Go The Girl Power!

A cause extremely close to my heart, I feel it is only natural that I partake in ‘spreading the word’.  So here I am offering forward what I truly believe is a great cause towards a different better way of thinking for our women of tomorrow.
I recently saw this film ‘Miss Representation’ on the Oprah Winfrey Network back in October.  The film has also been seen at the Sundance Film Festival and due to the films exposure it is my belief the website has established a life of its own.  Once you have had a chance to either click on the website or watch the movie trailer (for an insight into what the director Jennifer Siebel Newsom is attempting to achieve) please consider taking the pledge, I did. 
I truly believe it is important that our women of tomorrow start with a strong foundation from today.  I believe achieving that strong core will come from educating our girls that their strength lies within, not from the pages of a glossy magazine or what society may be portraying as ‘hot’ this month.  We need to reteach ourselves that girls do have the capability, capacity and intellect to achieve their dreams without the obstacles placed before them from media and society. 
This website is more than this film; it’s starting the conversation, so won’t you please join in?!
All the information below is taken from the website www.missrepresentation.org
About the film

A new way of thinking!

Like drawing back a curtain to let bright light stream in, Miss Representation (90 min; TV-14 DL) uncovers a glaring reality we live with every day but fail to see.

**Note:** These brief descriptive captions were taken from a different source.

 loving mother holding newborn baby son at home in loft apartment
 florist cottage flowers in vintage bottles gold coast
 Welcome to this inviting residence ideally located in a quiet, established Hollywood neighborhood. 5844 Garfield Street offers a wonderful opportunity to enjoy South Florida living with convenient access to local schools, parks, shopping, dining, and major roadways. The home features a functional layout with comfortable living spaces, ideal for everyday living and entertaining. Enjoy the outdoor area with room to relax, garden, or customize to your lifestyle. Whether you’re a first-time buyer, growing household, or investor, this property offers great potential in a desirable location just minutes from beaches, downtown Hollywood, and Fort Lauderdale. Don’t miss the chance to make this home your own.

Written and directed by Jennifer Siebel Newsom, the film exposes how mainstream media contribute to the under-representation of women in positions of power and influence in America. The film challenges the media’s limited and often disparaging portrayals of women and girls, which make it difficult for women to achieve leadership positions and for the average woman to feel powerful herself.

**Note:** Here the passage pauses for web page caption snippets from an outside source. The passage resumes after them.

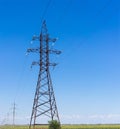 Electricity pylon silhouette against blue sky background. High voltage tower Royalty Free Stock Photo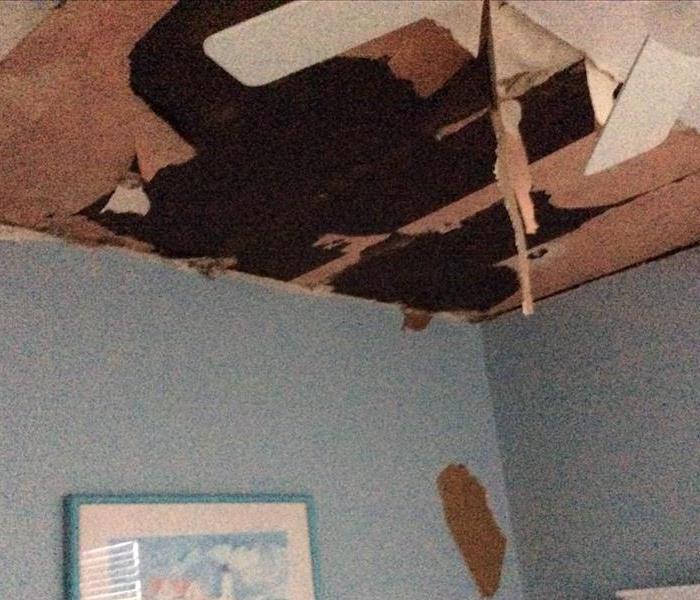 Ceiling with insulation and sheetrock falling
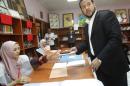 Abdel Hakim Belhadj, leader of Al-Watan party and former head of the Tripoli military counsel casts his vote at a polling station in Tripoli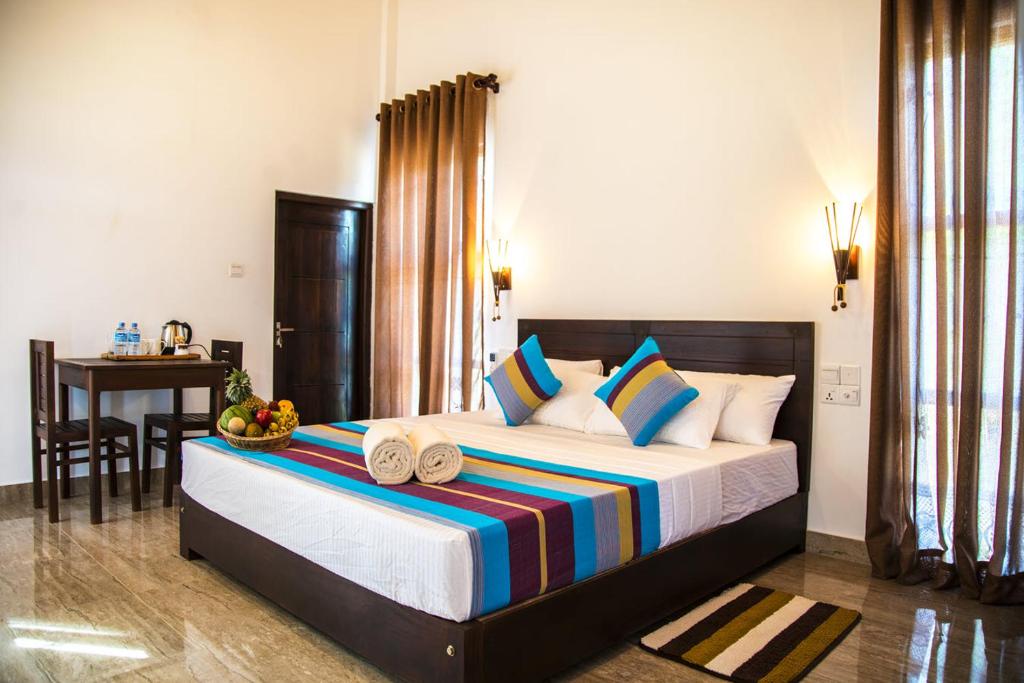 a bedroom with a large bed with two towels on it at Wadula Safari - Yala in Kataragama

In a society where media is the most persuasive force shaping cultural norms, the collective message that our young women and men overwhelmingly receive is that a woman’s value and power lie in her youth, beauty, and sexuality, and not in her capacity as a leader. While women have made great strides in leadership over the past few decades, the United States is still 90th in the world for women in national legislatures, women hold only 3% of clout positions in mainstream media, and 65% of women and girls have disordered eating behaviours.
Stories from teenage girls and provocative interviews with politicians, journalists, entertainers, activists and academics, like Condoleezza Rice, Nancy Pelosi, Katie Couric, Rachel Maddow, Margaret Cho, Rosario Dawson and Gloria Steinem build momentum as Miss Representation accumulates startling facts and statistics that will leave the audience shaken and armed with a new perspective.